Love or hate Destiny, it’s hard to deny that the art direction and visuals of Bungie’s shared-world looter shooter are of a high quality. And within the Destiny community, there is no shortage of fan art inspired by the game.
One fan and environmental art student from the UK, Danny Greenan, has shown off his skills by creating some Destiny fan art that looks like it could be ripped straight from the game.
Greenan posted some of his work to his ArtStation account and titled the art gallery (which can be viewed in its entirety here) “Destiny spaceship interior.” At first glance, his art might look like a leak of an unseen location in the upcoming fall 2016 expansion or Destiny sequel slated for 2017, but it is in fact just a student’s work.
But that doesn’t mean the images are not getting any attention. The gallery spread quickly through the Destiny community and even caught the eye of Bungie employees on ArtStation and Twitter. Comments on Greenan’s page include kudos from a senior artist, 3D character artist, and senior character artist from Bungie.
There’s no word whether Greenan’s art will land him a job, but it’s not outside the realm of possibility, considering that Bungie ended up hiring the modder behind Skyrim’s massive Felskaar mod shortly after it was released to work on Destiny.

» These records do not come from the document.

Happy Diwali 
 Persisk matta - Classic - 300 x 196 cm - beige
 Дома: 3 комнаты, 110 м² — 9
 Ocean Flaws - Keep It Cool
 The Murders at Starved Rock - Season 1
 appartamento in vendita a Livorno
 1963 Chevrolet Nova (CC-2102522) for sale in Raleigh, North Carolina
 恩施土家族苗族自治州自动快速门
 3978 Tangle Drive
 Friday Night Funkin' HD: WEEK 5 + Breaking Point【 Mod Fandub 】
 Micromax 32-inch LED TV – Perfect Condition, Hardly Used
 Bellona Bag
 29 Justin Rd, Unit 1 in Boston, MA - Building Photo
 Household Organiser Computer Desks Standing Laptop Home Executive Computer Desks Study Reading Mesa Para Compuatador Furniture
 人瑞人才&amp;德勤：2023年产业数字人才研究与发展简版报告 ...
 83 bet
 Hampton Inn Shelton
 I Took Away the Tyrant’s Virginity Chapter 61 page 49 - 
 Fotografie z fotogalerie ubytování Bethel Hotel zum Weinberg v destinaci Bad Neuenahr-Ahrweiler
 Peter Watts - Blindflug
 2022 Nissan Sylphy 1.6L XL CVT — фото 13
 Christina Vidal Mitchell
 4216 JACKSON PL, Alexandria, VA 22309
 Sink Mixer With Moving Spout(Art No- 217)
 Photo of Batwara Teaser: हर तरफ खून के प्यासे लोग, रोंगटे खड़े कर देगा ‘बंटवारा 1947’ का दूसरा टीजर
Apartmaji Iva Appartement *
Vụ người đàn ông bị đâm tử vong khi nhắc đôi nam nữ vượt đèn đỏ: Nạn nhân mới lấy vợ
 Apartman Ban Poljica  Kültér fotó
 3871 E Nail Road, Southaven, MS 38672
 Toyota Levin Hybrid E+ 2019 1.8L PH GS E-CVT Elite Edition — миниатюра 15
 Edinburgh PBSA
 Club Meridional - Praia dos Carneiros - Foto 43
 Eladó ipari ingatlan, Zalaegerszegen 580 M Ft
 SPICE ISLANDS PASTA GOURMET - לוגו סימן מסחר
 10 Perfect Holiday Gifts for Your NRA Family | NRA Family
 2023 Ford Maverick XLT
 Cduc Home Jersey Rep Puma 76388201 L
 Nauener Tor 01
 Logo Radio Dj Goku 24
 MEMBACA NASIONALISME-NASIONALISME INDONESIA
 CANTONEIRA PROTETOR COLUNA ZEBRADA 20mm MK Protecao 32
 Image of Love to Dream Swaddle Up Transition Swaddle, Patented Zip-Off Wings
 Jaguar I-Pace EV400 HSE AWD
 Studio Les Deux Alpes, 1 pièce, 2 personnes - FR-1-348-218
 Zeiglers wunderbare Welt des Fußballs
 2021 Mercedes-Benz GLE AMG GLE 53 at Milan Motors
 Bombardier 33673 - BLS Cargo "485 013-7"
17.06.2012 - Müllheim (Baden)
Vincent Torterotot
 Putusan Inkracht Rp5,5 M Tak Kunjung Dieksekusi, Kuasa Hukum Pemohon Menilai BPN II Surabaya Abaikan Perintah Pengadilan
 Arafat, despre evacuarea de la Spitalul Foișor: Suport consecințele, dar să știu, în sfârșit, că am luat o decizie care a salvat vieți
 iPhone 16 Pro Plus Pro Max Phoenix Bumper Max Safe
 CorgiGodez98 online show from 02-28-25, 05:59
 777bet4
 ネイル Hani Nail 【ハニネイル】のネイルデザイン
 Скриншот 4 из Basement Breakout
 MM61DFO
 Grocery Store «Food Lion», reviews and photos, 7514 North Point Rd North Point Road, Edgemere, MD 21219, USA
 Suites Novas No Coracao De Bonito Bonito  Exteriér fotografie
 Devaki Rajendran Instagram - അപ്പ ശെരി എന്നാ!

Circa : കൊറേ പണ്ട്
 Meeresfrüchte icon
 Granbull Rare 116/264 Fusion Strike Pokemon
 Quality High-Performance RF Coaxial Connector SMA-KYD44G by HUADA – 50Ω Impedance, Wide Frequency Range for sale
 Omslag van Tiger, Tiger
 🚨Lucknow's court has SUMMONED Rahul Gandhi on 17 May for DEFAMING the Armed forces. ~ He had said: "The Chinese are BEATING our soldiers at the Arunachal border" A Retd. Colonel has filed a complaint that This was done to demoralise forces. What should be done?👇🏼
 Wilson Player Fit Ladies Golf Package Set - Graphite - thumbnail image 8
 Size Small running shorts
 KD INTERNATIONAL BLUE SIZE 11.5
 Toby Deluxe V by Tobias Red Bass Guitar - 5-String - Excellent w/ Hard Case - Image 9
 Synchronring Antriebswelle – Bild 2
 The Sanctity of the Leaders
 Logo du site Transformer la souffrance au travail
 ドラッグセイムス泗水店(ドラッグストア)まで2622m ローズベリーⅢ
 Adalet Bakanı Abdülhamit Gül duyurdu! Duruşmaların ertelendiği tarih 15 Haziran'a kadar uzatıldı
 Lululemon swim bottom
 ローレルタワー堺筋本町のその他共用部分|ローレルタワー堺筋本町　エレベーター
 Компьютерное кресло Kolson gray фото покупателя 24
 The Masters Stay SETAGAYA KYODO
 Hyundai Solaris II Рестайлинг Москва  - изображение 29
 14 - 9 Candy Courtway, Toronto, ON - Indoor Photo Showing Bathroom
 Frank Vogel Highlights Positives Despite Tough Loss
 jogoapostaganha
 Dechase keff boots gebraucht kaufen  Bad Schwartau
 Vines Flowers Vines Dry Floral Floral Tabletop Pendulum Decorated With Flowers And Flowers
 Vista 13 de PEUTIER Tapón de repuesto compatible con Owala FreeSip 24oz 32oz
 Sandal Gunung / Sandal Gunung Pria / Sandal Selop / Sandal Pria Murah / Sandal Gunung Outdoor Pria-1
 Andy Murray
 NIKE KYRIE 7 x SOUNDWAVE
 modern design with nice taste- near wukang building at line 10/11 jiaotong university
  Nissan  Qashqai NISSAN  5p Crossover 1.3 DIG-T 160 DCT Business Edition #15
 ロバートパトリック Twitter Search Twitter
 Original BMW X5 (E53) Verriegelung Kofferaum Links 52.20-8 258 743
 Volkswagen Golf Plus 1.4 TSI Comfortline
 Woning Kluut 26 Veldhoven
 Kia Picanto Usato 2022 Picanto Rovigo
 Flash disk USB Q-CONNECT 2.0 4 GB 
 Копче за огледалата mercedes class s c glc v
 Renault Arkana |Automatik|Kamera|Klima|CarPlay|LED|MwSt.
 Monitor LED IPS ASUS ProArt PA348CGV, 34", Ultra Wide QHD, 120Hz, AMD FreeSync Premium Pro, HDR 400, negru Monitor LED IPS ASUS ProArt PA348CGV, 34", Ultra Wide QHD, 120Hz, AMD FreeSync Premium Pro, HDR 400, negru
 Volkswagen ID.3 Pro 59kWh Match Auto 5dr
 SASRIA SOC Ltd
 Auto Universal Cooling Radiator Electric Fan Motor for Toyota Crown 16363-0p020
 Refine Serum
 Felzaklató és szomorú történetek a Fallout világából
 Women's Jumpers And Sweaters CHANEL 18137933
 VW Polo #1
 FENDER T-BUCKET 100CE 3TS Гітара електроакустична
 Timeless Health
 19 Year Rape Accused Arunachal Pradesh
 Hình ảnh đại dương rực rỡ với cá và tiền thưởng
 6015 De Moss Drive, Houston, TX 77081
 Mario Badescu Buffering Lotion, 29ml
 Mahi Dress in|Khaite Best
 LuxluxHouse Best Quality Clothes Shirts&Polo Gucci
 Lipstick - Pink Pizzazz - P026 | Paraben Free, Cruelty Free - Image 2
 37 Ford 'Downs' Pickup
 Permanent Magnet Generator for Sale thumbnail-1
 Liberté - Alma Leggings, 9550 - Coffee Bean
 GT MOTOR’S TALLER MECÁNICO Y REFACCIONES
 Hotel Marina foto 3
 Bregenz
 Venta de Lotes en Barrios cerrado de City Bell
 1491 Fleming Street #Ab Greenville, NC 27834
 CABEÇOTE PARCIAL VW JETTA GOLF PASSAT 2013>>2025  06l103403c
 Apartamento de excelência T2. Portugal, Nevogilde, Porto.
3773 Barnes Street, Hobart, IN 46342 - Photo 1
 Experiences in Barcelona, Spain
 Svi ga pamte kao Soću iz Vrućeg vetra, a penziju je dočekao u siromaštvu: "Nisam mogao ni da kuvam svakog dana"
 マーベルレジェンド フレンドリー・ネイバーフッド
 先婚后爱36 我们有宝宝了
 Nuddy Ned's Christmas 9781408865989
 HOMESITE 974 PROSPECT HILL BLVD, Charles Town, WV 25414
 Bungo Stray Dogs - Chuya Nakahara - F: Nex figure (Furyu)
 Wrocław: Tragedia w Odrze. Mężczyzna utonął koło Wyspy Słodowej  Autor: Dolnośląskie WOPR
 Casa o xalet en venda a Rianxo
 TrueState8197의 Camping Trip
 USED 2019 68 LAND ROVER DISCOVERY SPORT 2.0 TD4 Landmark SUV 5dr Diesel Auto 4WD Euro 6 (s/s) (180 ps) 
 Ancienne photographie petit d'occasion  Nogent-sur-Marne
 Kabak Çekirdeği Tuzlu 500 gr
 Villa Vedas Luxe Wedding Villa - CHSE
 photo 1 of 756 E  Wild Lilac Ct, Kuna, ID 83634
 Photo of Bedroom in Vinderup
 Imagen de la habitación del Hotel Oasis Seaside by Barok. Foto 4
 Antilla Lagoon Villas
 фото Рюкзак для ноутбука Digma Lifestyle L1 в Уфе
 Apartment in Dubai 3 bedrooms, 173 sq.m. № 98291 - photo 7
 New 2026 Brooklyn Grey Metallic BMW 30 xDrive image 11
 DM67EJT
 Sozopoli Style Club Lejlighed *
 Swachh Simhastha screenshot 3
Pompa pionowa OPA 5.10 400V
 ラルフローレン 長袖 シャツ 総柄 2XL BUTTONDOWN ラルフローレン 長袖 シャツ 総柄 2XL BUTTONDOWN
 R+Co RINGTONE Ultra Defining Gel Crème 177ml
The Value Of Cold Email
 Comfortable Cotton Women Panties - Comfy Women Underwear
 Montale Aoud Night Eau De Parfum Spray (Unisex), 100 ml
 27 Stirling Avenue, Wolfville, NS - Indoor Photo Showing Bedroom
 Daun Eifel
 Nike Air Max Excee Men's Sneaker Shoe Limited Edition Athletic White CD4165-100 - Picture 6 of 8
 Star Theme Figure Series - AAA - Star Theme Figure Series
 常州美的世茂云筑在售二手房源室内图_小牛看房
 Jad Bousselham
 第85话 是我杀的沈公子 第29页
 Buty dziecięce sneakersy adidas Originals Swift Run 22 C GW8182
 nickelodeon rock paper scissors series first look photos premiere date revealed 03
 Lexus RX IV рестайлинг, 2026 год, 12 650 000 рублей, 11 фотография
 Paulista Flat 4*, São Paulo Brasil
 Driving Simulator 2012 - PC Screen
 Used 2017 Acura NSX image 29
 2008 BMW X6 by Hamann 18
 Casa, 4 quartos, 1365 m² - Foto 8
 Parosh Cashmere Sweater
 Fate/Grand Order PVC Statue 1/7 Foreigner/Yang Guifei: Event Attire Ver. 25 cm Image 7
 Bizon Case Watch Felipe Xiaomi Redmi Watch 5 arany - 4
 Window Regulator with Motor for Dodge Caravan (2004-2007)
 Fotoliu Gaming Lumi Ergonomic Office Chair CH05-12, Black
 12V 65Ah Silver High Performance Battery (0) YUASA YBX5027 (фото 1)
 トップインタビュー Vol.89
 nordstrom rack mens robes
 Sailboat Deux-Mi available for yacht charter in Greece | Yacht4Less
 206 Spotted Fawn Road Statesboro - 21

Greenan’s art seems to imagine what the inside of a Guardian’s spacecraft could look like, complete with kiosks, loot chests, and art showing off accomplishments in Trials of Osiris and Iron Banner. It’s even full of books, something Destiny fans could dream about as being filled with the game’s lore, known as the Grimoire.
While Destiny does have spacecraft that players can collect, they are mostly cosmetic, appearing in orbit and in loading screens. There are no combat mechanics à la Halo: Reach, and there isn’t anyway to explore a ship as seen in games like Mass Effect. But this is a fun concept of what such a feature could offer.
Greenan says the programs used to create the environmental art were 3ds Max, Photoshop, Substance Painter, and Unreal Engine. It goes to show that with the software available today, students or people not yet in the game industry can create some really extraordinary work on par with what is seen in triple-A games.